My whole tank has a total of 132w.


----------



## Fishfirst (Jan 24, 2005)

leveldrummer, T-5's are high output bulbs, they penetrate the water well... however, its still not a whole lot of light.


----------



## leveldrummer (May 27, 2005)

im just trying to make sure, i dont want to tell him the wrong advice it he has lights that hes not sure of. just checking. some one could have told him they are t-5 when they arent. just making sure.

newb, all the corals reccomended should do great under the vho's you can probably get some low maintenence harder corals. im not familiar with those though.


----------



## Osiris (Jan 18, 2005)

i say go MH you'll never regret it! I love the ripple effect i get from my MH's on my new reef tank


----------



## Fishnewb1 (Mar 24, 2006)

MH's....

That is my dream after i save up $700....
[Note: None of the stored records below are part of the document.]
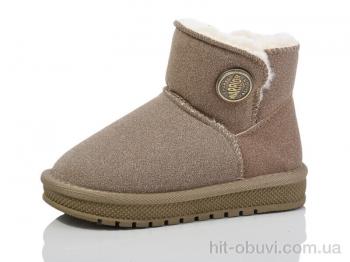 Уги Ok Shoes B310 brown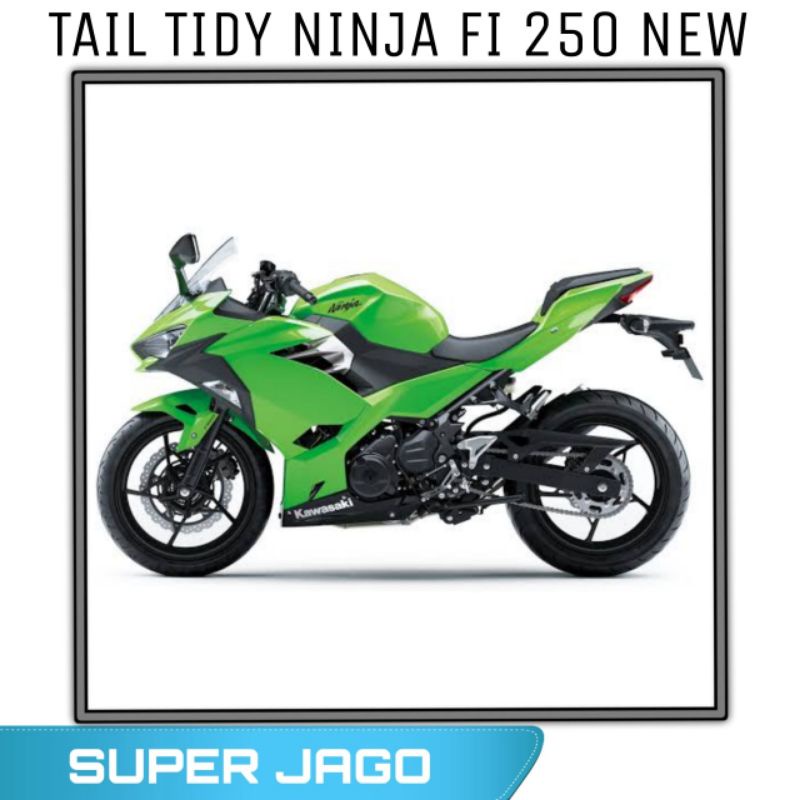 Tail tidy Spakbor Belakang Ninja 250 Karbu / Ninja 250 Fi Old / Ninja 250 Fi New 2018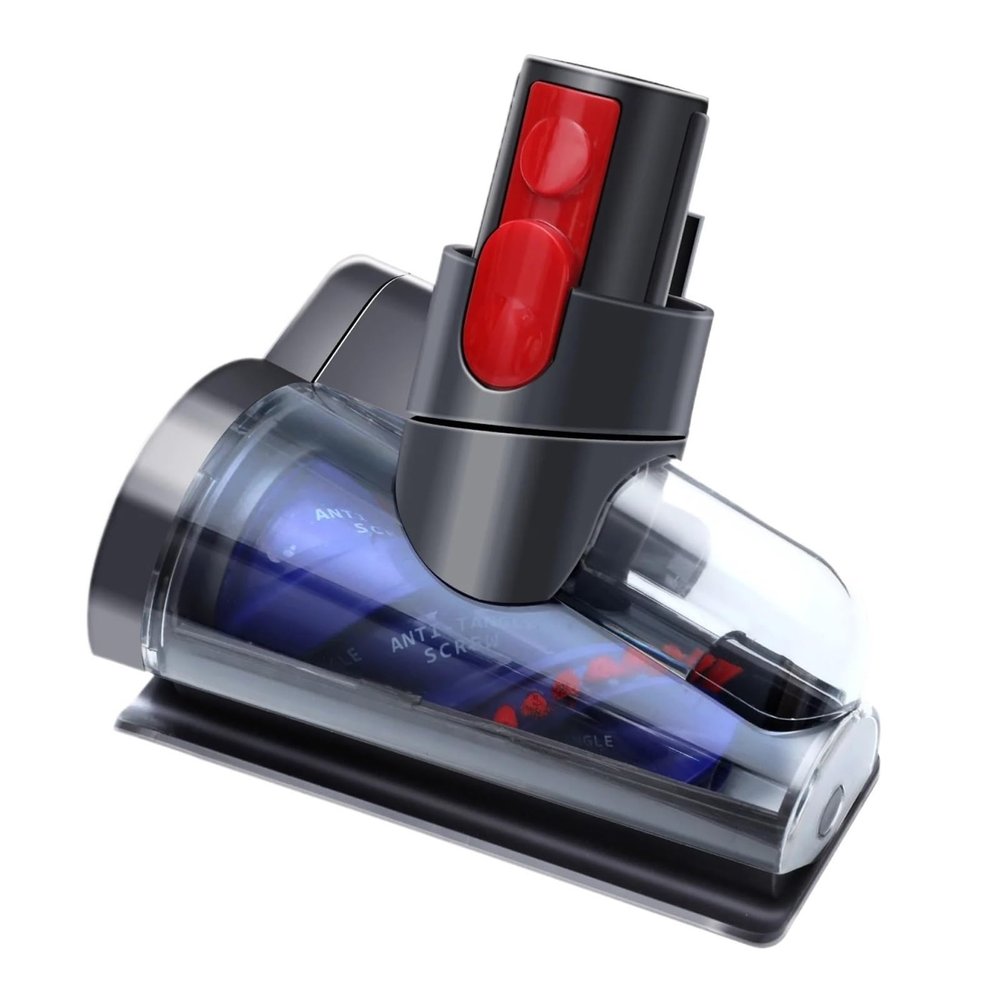 Mini Motorized Tool Brush Head,Compatible For Dyson V7 V8 V10 V11 V15 Vacuum Cleaner Anti-Tangle Motorhead Attachment Head Replacement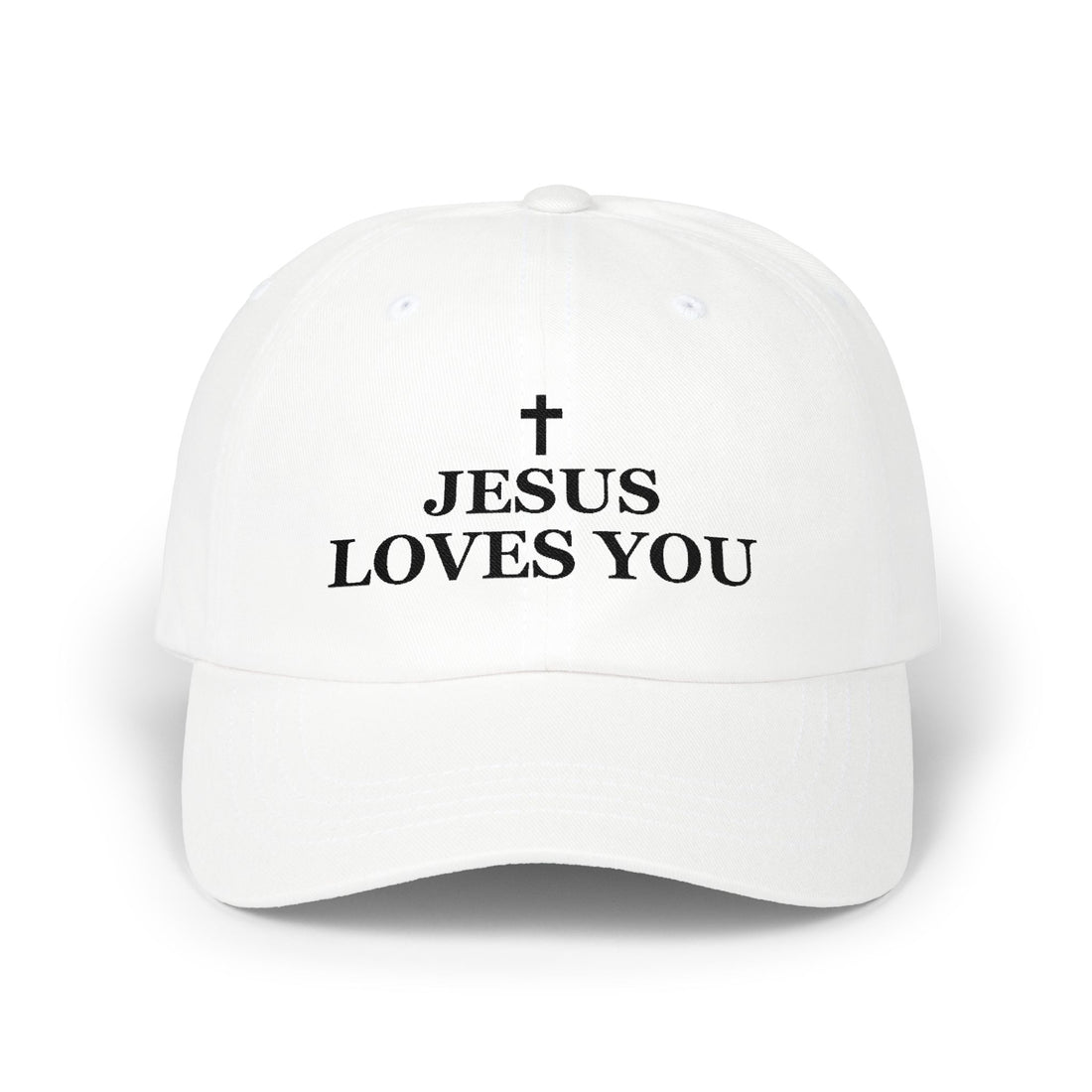 Heavenly Citizen: Dad Cap — Embroidered Christian Baseball Hat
Unless you know where i can get them less than $250 it wont be happening soon.


----------



## fishfingers (Apr 10, 2006)

I don't know about the ways thigns work where you live, but is Aus it is dead easy to pick a good 150w MH and bulb for under $150. Try ebay, fish clubs and any second hand trading things and you shouldn't have to much trouble.


----------



## TheOldSalt (Jan 28, 2005)

You can also get them from sources other than the aquarium-related world. I got one for $75 once from a salvage company that tore down a home depot type of building and had hundreds of them laying around for cheap.


----------



## Fishnewb1 (Mar 24, 2006)

Yes i will try...

Tell me if you come across a deal:lol:


----------



## Fishnewb1 (Mar 24, 2006)

what about if I got just one HQI retrofit kit on one side of my tank....

could i have corals on that side?

Have you heard of the brand Odessa (spelling is probly wrong) they have inexpensive systems. Are they a good deal?


----------



## Reefneck (Oct 15, 2005)

Fishnewb1 said:


> Have you heard of the brand Odessa (spelling is probly wrong) they have inexpensive systems. Are they a good deal?


Don't waste your money! They are made in China, Have no warranty and are not UL listed. If they burn your house down you can't even sue the company.

And there has been reports of them causing fires, Burning out in 1 week, Not working out of the box, Etc....


----------



## goodfortune (Mar 1, 2006)

For a low-light level tank, I would suggest going with Mushrooms and Leathers. Toadstool, Finger, and Cabbage Leather Corals are excellent starter corals. Green Star Polyps and Yellow Polyps may also do well in your setup.

I think that zoanthids and xenia will need a little more light than normal output flourescents can provide, but might do well if placed high in your tank.

If at all possible, I would upgrade the lights to power compacts; you can get a good 260w power compact light fixture for $225.00 - $250.00 new, or even less if you can find one used on one of the internet boards, like reefcentral. 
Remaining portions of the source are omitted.